The worst thing is, when we do meet face-to-face once every week or so, she has almost nothing to say to me. She’s too busy cooking, or she’s chasing after my nieces and nephews, or she’s doing this, or she’s doing that. The last few times I’ve been home have been better though; once the kids have gone home, my sisters retreat back into their abodes, and I’m left in my parent’s house with both my parents, we have long talks about what’s to come in my life, and what’s been happening in theirs. But as long as I’ve lived in my mother’s care, I think the both of us know we can’t hold a conversation when it’s just the 2 of us, and we both sort of realise this mother and son have very little in common.
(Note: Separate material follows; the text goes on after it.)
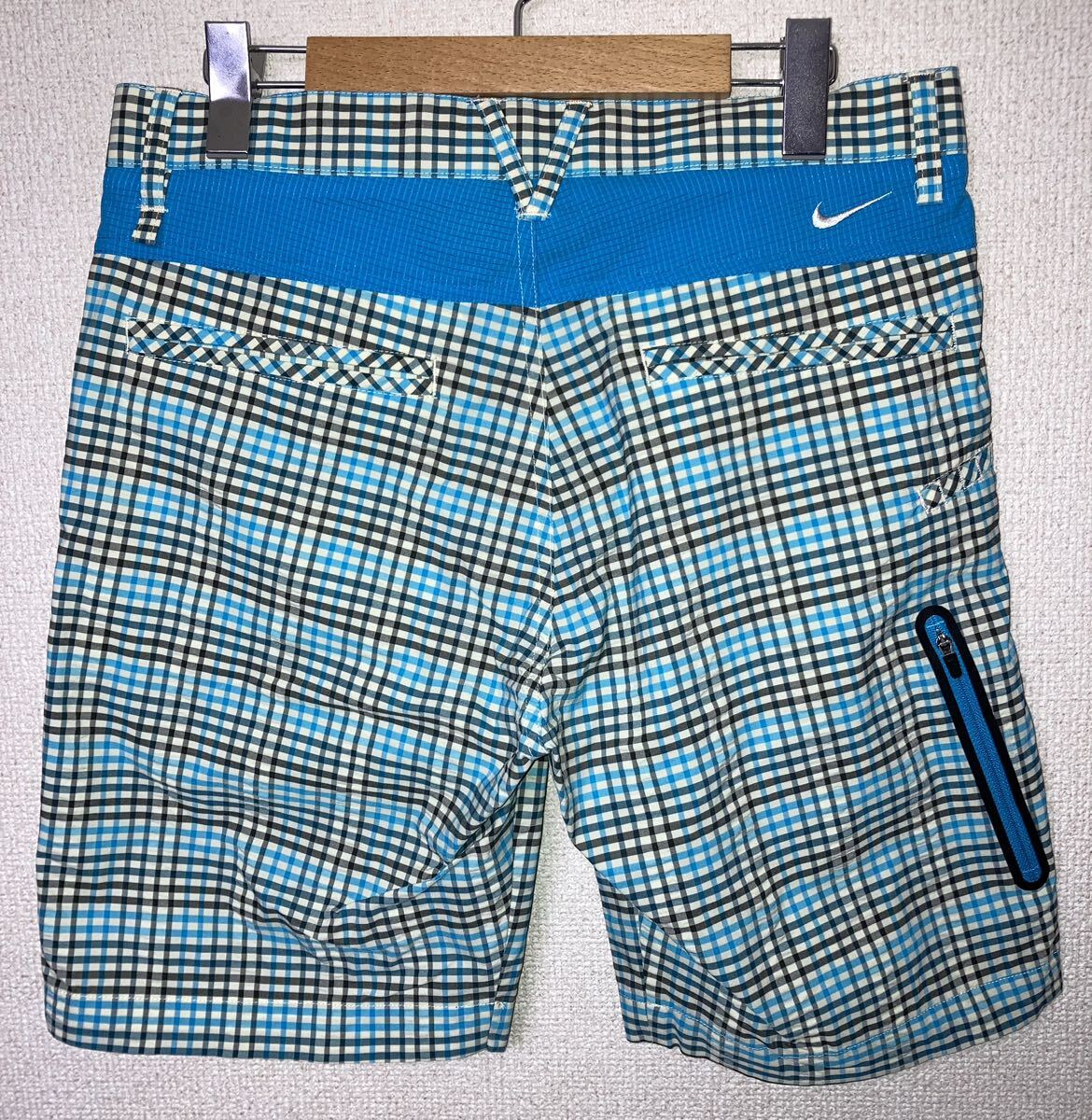 クリーニング済　NIKE GOLF ナイキ　ゴルフ　チェック柄　ブルー　ドライ　ハーフパンツ 31サイズ　ウエスト80 635547_画像2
I love my mom, I do. And I know my mom loves me too. I just don’t know how we can love each other in terms that the other can understand. And now I’m wondering what I’ll think if Xander becomes the same prat I am when it comes to his parents.

A Day At The Races

5 12 2008

My wife came up to me two nights ago asking, “What was it that was said when you were racing with your friends as a kid?”

“Racing?” I asked.

“Yeah, like running with each other or something like that. Usually it’s supposed to be ready., get set, go, right?”

I immediately knew where she was getting at. With our short tongues at that age, it was almost NEVER ‘ready, get set, go’. Instead, it was almost always ‘GET THE LADY, CASSETTE, GO!’ She also had her own version which went ‘ALAMAK, GASSETTE, GO!”

It’s small things like this that make you want to be a kid again. And I start to wonder if my kid will ever experience his childhood like we did, and reminisce about it when he hits middle age.